Sixteen-year-old Alan Joseph Sanchez-Gonzales had been to see live theater only once before his first audition. That audition earned him the lead in a production of “In the Heights” staged with the help of an actor-director-teacher who uses art to get young people to aim high.
That teacher, Antonio Mercado, had little theater experience himself before falling in love with acting in high school. He went on to earn a Master of Fine Arts from the University of California, Los Angeles. As a drama teacher at Denver’s North High School in 2004, he directed “Zoot Suit,” which is set in the Mexican-American community of L.A. in the 1940s. His sparkling cast was asked to perform at Denver’s arts center, a place few had visited even as audience members.
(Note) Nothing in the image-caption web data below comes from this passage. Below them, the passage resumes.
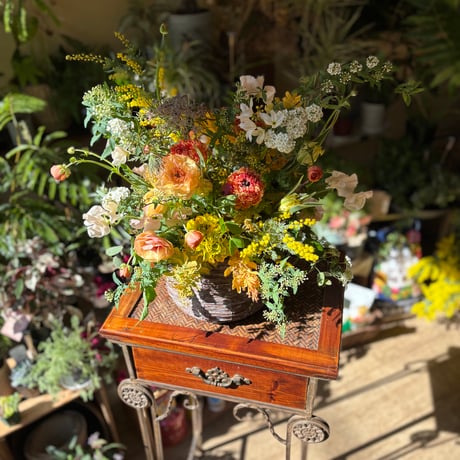 Rustic Haze Arrangement　- くすみカラーの野の花を集めたおまかせナチュラルアレンジメント-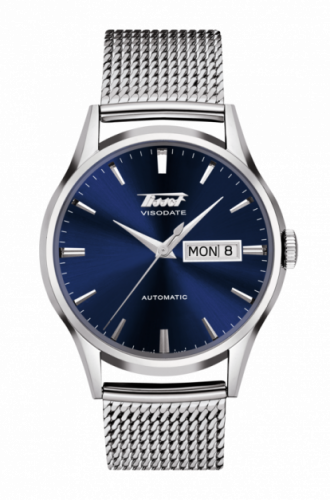 Watch Winder for watch Tissot Heritage Visodate Automatic Stainless Steel / Blue / Milanese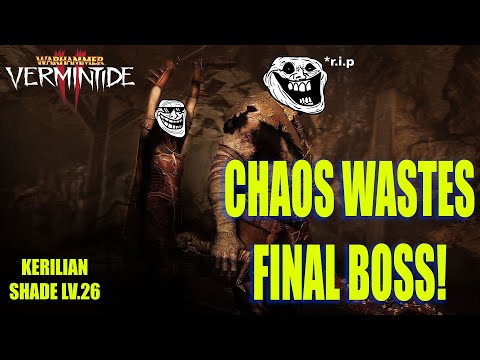 WARHAMMER VERMINTIDE 2 Chaos Wastes Ending and Final Boss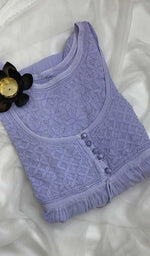 将图像加载到图库查看器中, Women's Lakhnavi Handcrafted Viscose Georgette Chikankari Bajirao Dress - HONC098685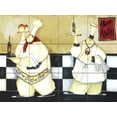 thumbnail image 1 of Tile Mural Kitchen Backsplash - Bistro Chefs-JG - by Jennifer Garant, 1 of 1
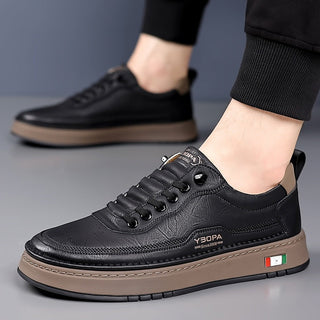 Alonzo | Zapatillas de Cuero con Suela Acolchada para Hombre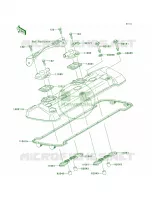 Cylinder Head Cover per Kawasaki Z1000 2007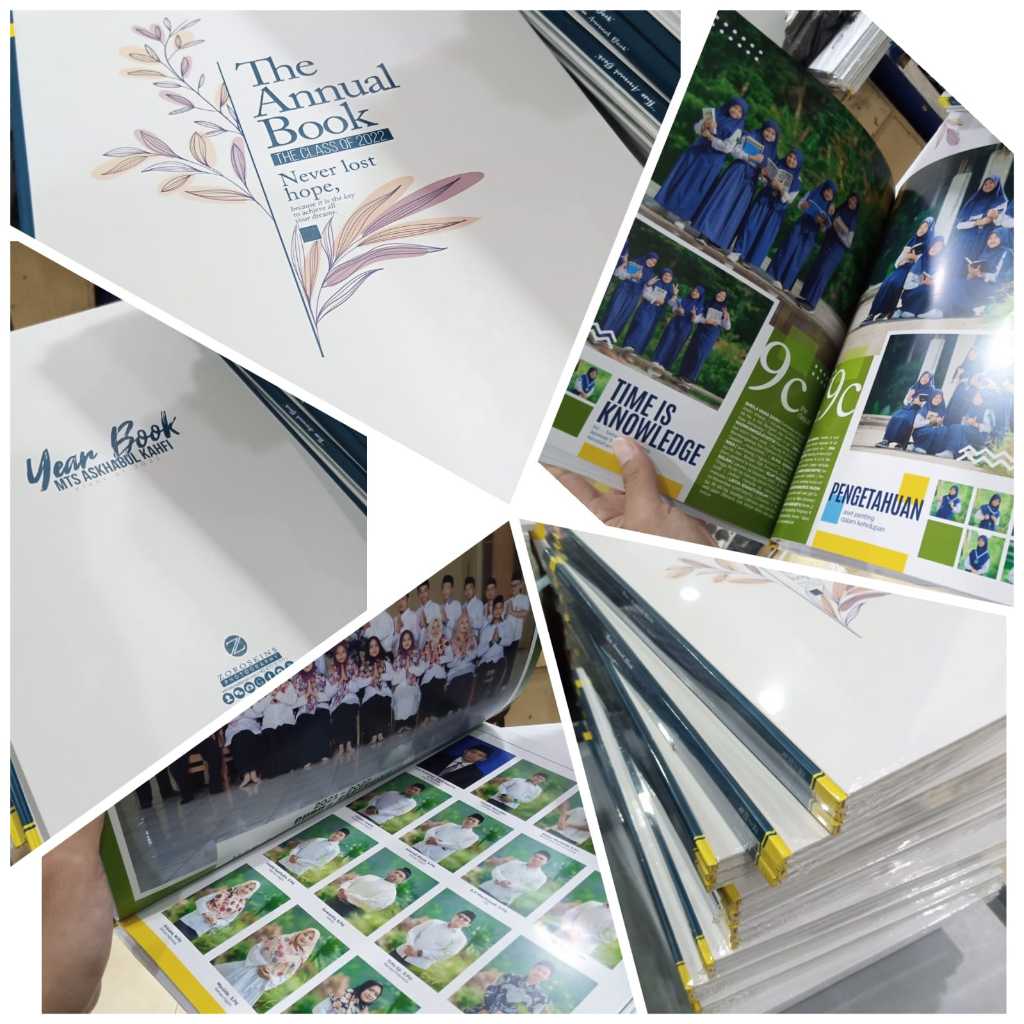 

Cetak Album Foto Photobook Yearbook Sekolah Wedding Softcover Hardcover Spiral Custom A5 A4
Mr. Mercado, who says theater teaches “collaboration, self-esteem and commitment,” is as proud of a former student who produces movies as of another who is a nurse. He left North but maintained a relationship.
In 2014, North hosted the première of his play “Dreaming sin Fronteras,” which tells the stories of immigrants who were children when they came to the United States illegally. As a high school teacher, Mercado had seen such students struggle because they, like his father, had come from Mexico without papers. Then North asked for Mercado’s help with a February production of “In the Heights,” Lin-Manuel Miranda’s musical about young Hispanics in New York pursuing their dreams.
Mercado brought in friends with professional experience as designers and as rap and hip-hop coaches. He also raised $10,000 in donations. He had appeared in plays written by Quiara Alegría Hudes, who also wrote the “Heights” book, and he persuaded her to give the cast notes via Skype. The students from North and a charter school that shares the campus serenaded Ms. Hudes with “Heights” songs when she appeared on the computer screen.
“ ‘In the Heights’ is about joy and love,” Hudes said. “You have to talk about the love. You have to be very honest, too.”